I didn't buy any, I think it was the vicinity of $20, I figure I can wait until the Fair to indulge in my 1919...

Hey Eric, everyone I talk to says that about the drive-in at Taylor's Falls, but when I went there I wasn't impressed, maybe it was an off day, I should try it again. My son (8) loves root beer, his favorite is 1919, but for myself, I know it sounds silly, I enjoy the root beer at Culver's. It is so creamy and smooth.

I quit watching a lot of Food Network when it went to cable. I miss Gale Gand and Alton Brown, but other than that anyone who has worked with a Chef knows that they are all egocentric and puffed up. The world revolves around them and if anyone disagrees with one, they have no palate. I think the Food Network just gives us hope that we can all be Chefs or at the very least-Food Snobs.

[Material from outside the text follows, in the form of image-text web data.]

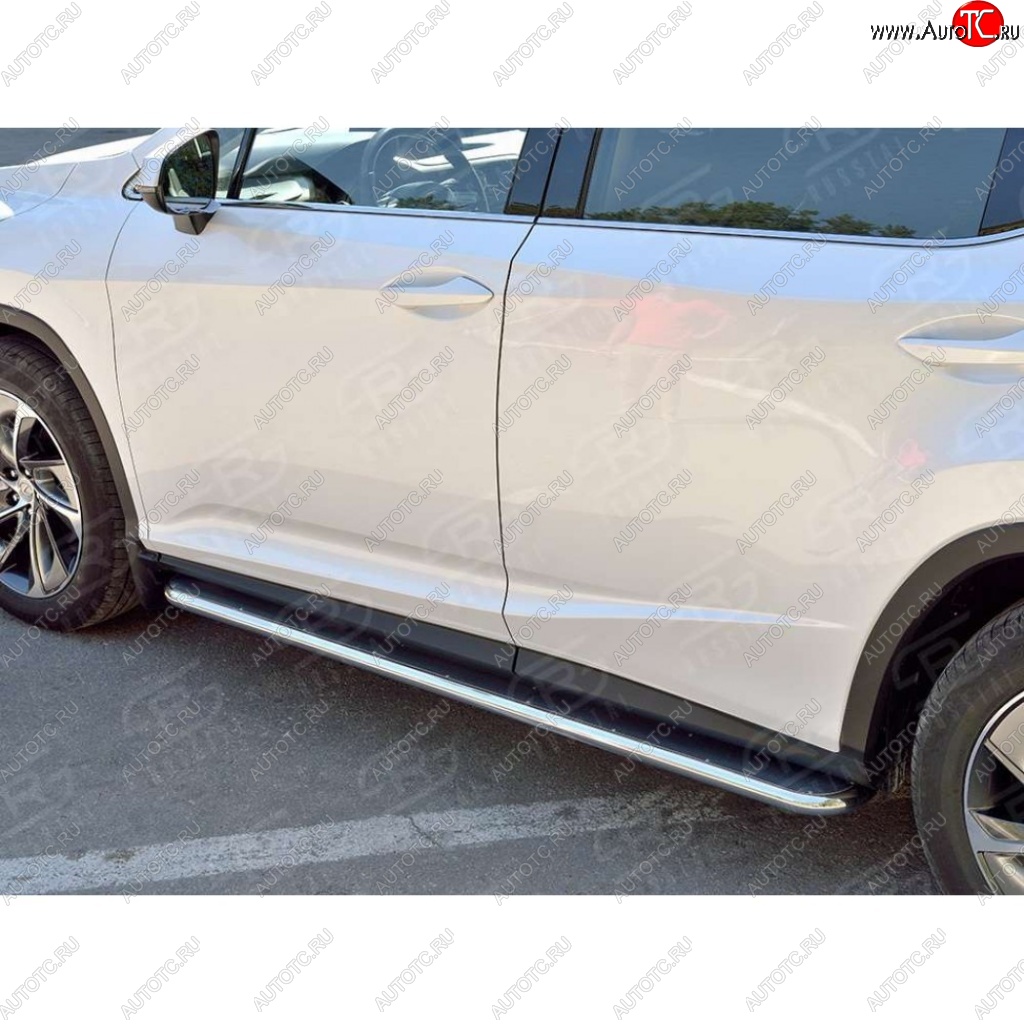 27 999 р. Широкая защита порогов с трубой диаметром 42 мм SLITKOFF v3  Lexus RX  200T (2015-2017) AL20 дорестайлинг  с доставкой в г. Керчь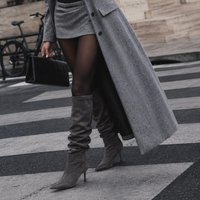Porta Pointed Toe Stiletto Heel Knee High Slouched Boot In Grey Faux Suede, Women's Size US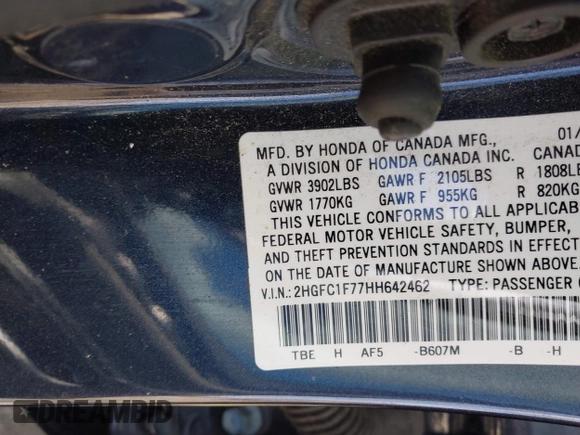2017 Honda Civic Sedan EX-L with VIN 2HGFC1F77HH642462, listed as a IAAI auction lot 41962942 with 93,277 mi miles. Bid and sale history available at carsss.com. Image 9.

The best root beer I've ever had was in college: we had a "keg" party in my dorm room with, what else? Root beer! It was the first time I've ever had root beer in a keg, and let me just say this: I'm addicted. If ever given a chance again, I'd gladly do a keg stand or two.

Hi Andrew,

I did a google search on you and found this blog. All I want to say is I LOVE YOUR SHOW! Some of the stuff you eat trips me out, but you have a lot of heart to at least try that stuff once. My favorite shows are the ones where you ate something that was disgusting to you: the authentic stinky Tofu, the rotted meat w/eggs from the Middle East, the fried yellow fish roe in the South USA, and of course the dreaded Dorian fruit. Oh man, I was in tears with laughter watching those episodes. lol!

But I WILL have to find that Bake & Shark place in the Carribean though. How you ate at and raved about it, I was sold! :)

Thank you for all you do!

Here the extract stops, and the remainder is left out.